── Extracted entries

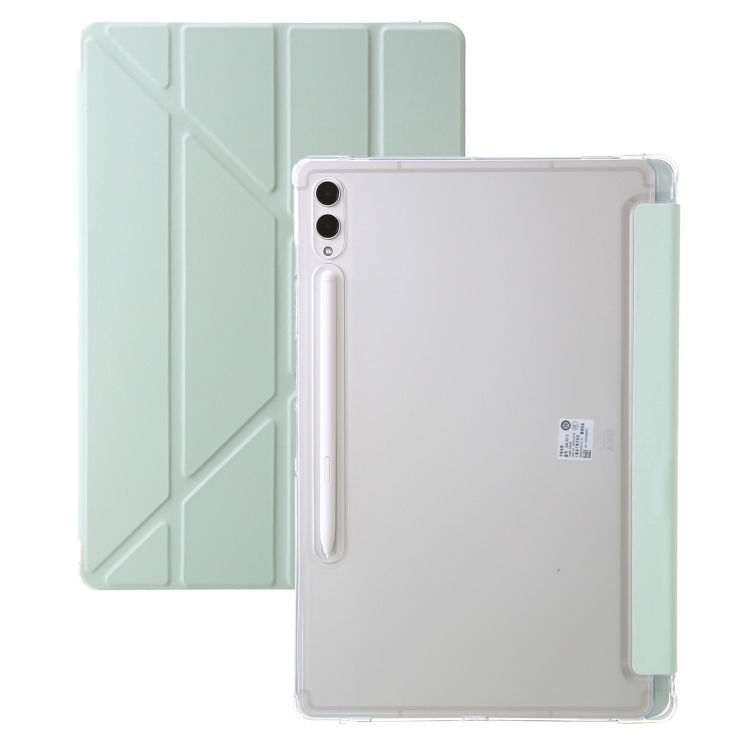For Samsung Galaxy Tab S9 FE+ Clear Acrylic Deformation Leather Tablet Case(Green)
For Samsung Galaxy Tab S9 FE+ Clear Acrylic Deformation Leather Tablet Case(Green)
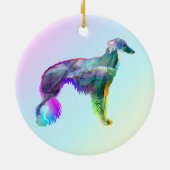 Silken Windhound - Wispy Keramik Ornament (Hinten)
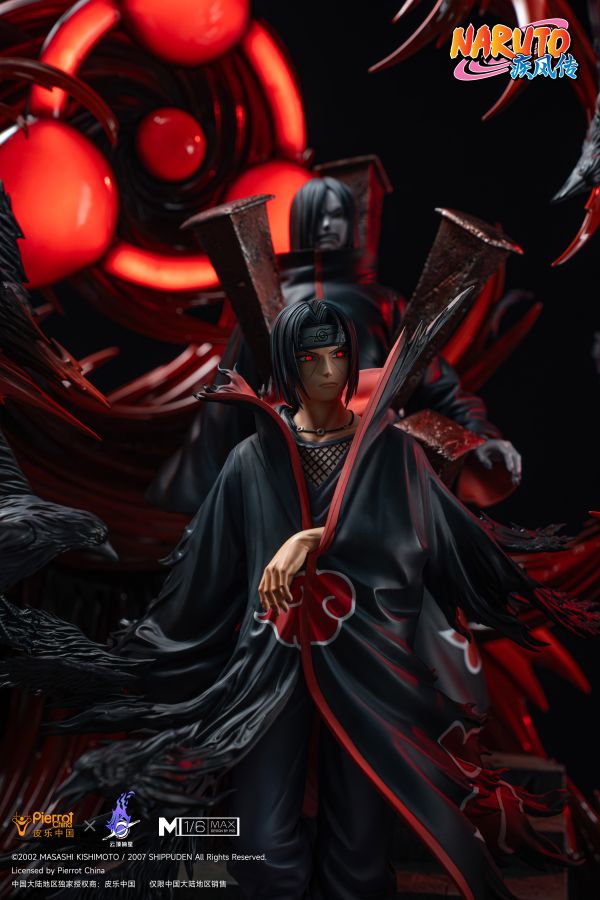 【預購】《火影忍者疾風傳》曉組織 宇智波鼬 雕像 X 雲頂摘星工作室＆皮樂中國 正版授權 玩驛丨Toy station, GK雕像預購, GK雕像代購, GK雕像現貨, GK雕像修復, 咒術, 咒術迴戰, SCC玩具屋, 玩具給庫, NBA, 瘋公仔, 訂製雕像,模型,伯公仔,gk,玩驛,火影,夜風本舖,海賊,死神,航海王,獵人,阿拉蕾,七大罪,七龍珠,寶可夢,神奇寶貝,哥吉拉,宮崎駿,迪士尼,灌籃高手,鬼滅之刃,一拳超人,蠟筆小新,咒術,鏈鋸人,進擊的巨人,乙骨,我英
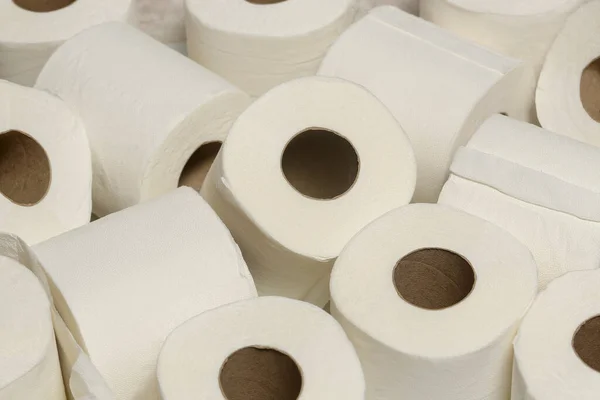 Beyaz Tuvalet Kağıdı Kapanıyor — Stok fotoğraf
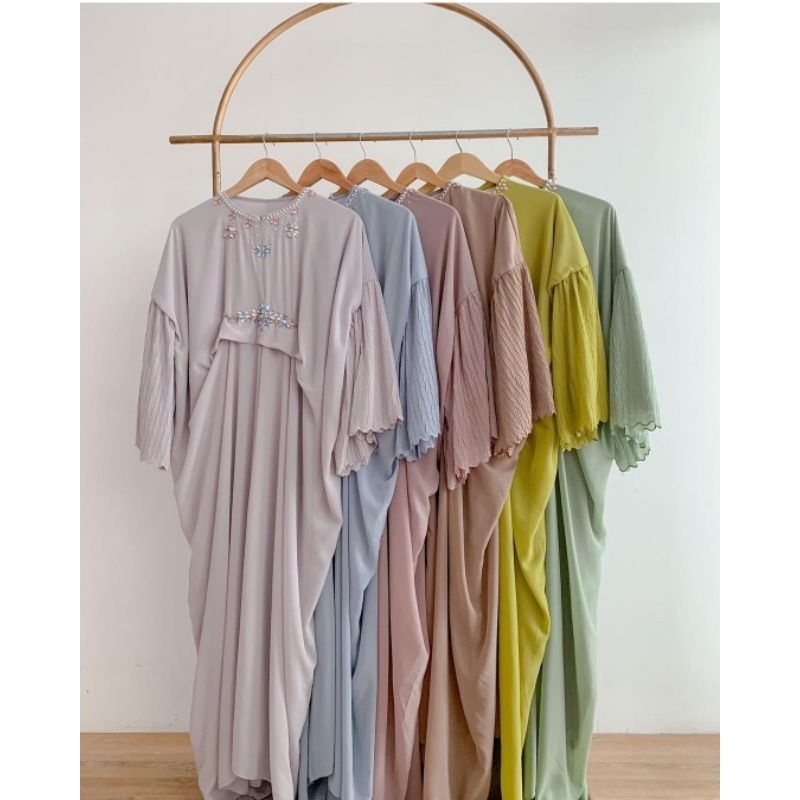 ASKA.ID - VONI PLEATS KAFTAN BAJU LEBARAN PEARL BATWING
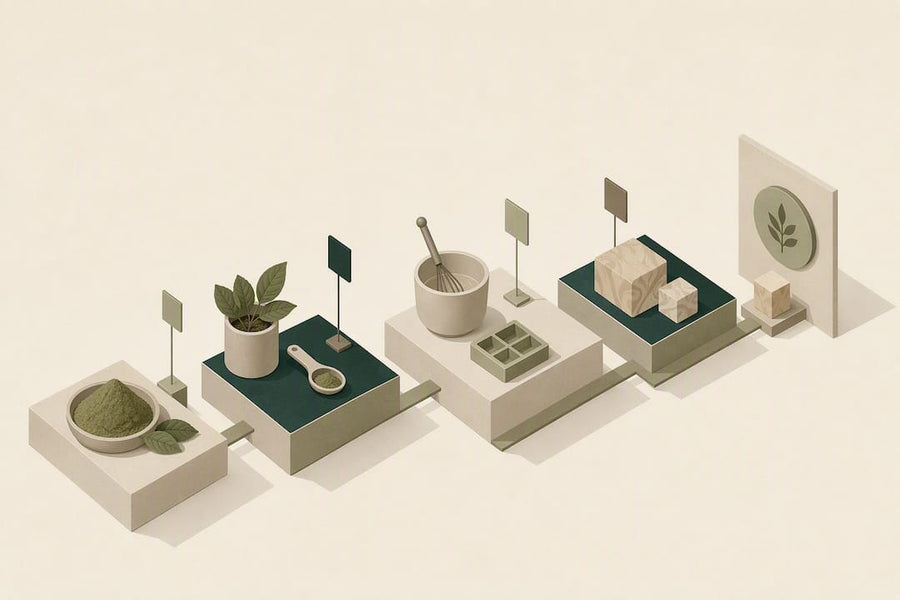 Isometric stepped taper and quality control illustration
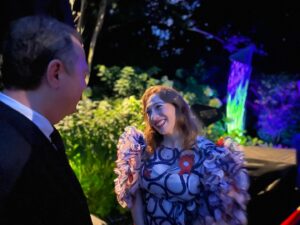Adam Schiff Instagram - I had the privilege of meeting the incredible @reginaspektor in celebration of Rosh Hashanah at the Vice President’s home! 

Truly a huge fan! 

My favorite song? Apres Moi. What’s yours?
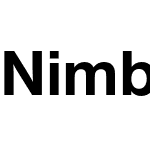 Nimbus Sans Novus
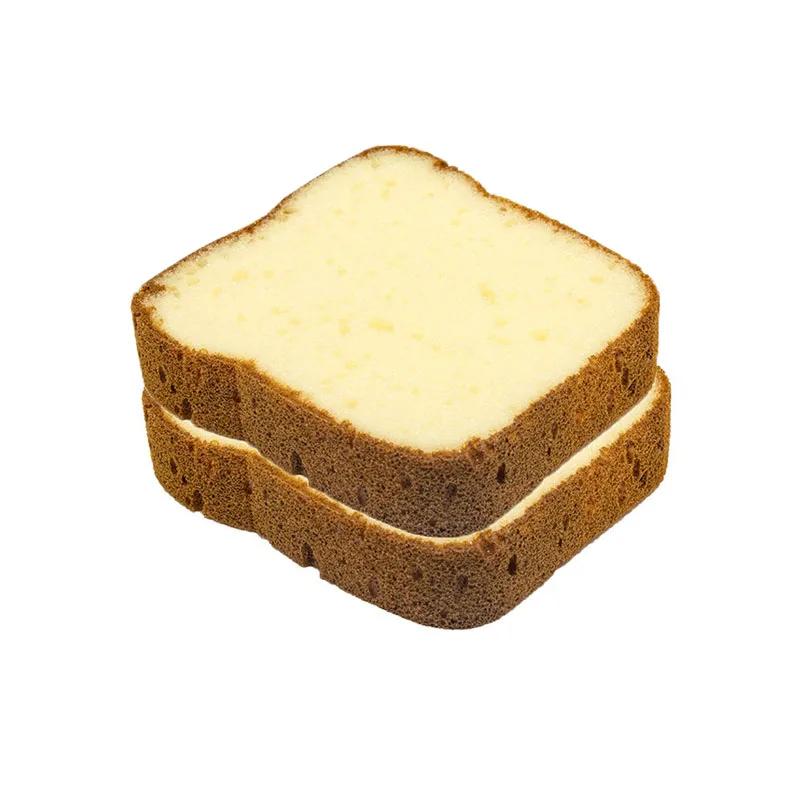 

2Pcs Cute Bread Shape Kitchen Sponge Set Toast Dishwashing Sponge Kit Pot Cleaner Scouring Pads Magic Clean for Home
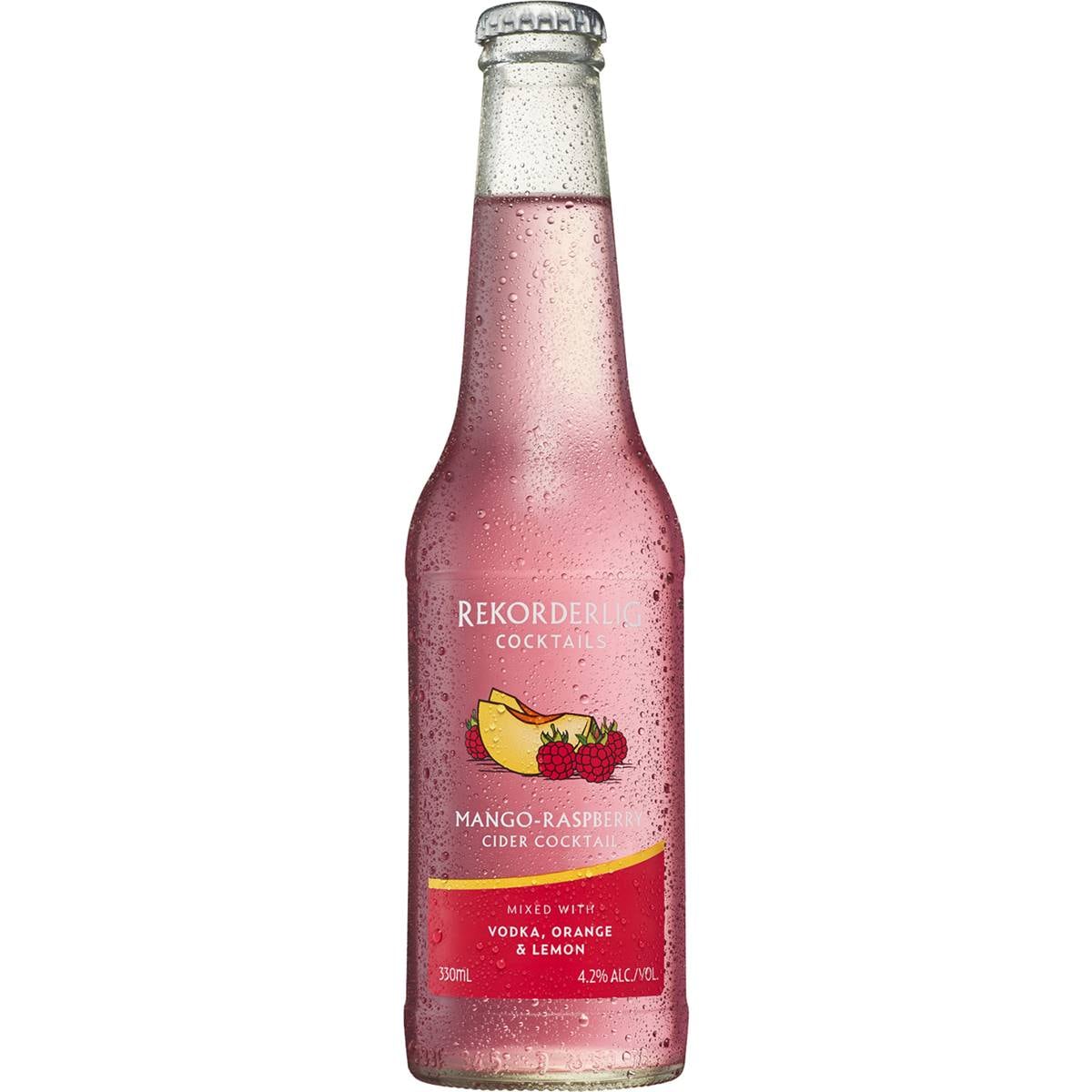 Rekorderlig Mango Raspberry Cider Cocktail 330ml Woolworths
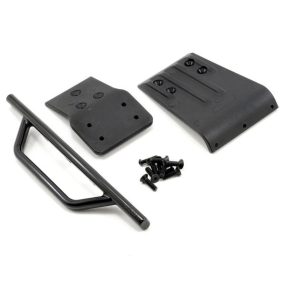 RPM első lökhárító+skid plate fekete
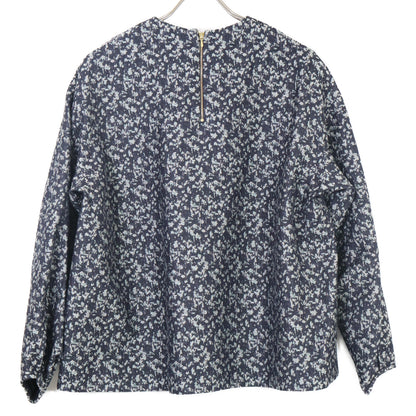 DRAWER ドゥロワー 6521ｰ299ｰ1047 ﾈｲﾋﾞｰ ｼﾙｸｷｭﾌﾟﾗ ﾌﾗﾜｰｼﾞｬｶﾞｰﾄﾞ ﾊﾞｯｸｼﾞｯﾌﾟﾌﾟﾙｵｰﾊﾞｰ トップス 表記なし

────

_Your instructions_. A faithful copy of every record is required, with no pictures included.

_The answer_.
For Samsung Galaxy Tab S9 FE+ Clear Acrylic Deformation Leather Tablet Case(Green)
For Samsung Galaxy Tab S9 FE+ Clear Acrylic Deformation Leather Tablet Case(Green)
 Silken Windhound - Wispy Keramik Ornament (Hinten)
 【預購】《火影忍者疾風傳》曉組織 宇智波鼬 雕像 X 雲頂摘星工作室＆皮樂中國 正版授權 玩驛丨Toy station, GK雕像預購, GK雕像代購, GK雕像現貨, GK雕像修復, 咒術, 咒術迴戰, SCC玩具屋, 玩具給庫, NBA, 瘋公仔, 訂製雕像,模型,伯公仔,gk,玩驛,火影,夜風本舖,海賊,死神,航海王,獵人,阿拉蕾,七大罪,七龍珠,寶可夢,神奇寶貝,哥吉拉,宮崎駿,迪士尼,灌籃高手,鬼滅之刃,一拳超人,蠟筆小新,咒術,鏈鋸人,進擊的巨人,乙骨,我英
 Beyaz Tuvalet Kağıdı Kapanıyor — Stok fotoğraf
 ASKA.ID - VONI PLEATS KAFTAN BAJU LEBARAN PEARL BATWING
 Isometric stepped taper and quality control illustration
Adam Schiff Instagram - I had the privilege of meeting the incredible @reginaspektor in celebration of Rosh Hashanah at the Vice President’s home! 

Truly a huge fan! 

My favorite song? Apres Moi. What’s yours?
 Nimbus Sans Novus

2Pcs Cute Bread Shape Kitchen Sponge Set Toast Dishwashing Sponge Kit Pot Cleaner Scouring Pads Magic Clean for Home
 Rekorderlig Mango Raspberry Cider Cocktail 330ml Woolworths
 RPM első lökhárító+skid plate fekete
 DRAWER ドゥロワー 6521ｰ299ｰ1047 ﾈｲﾋﾞｰ ｼﾙｸｷｭﾌﾟﾗ ﾌﾗﾜｰｼﾞｬｶﾞｰﾄﾞ ﾊﾞｯｸｼﾞｯﾌﾟﾌﾟﾙｵｰﾊﾞｰ トップス 表記なし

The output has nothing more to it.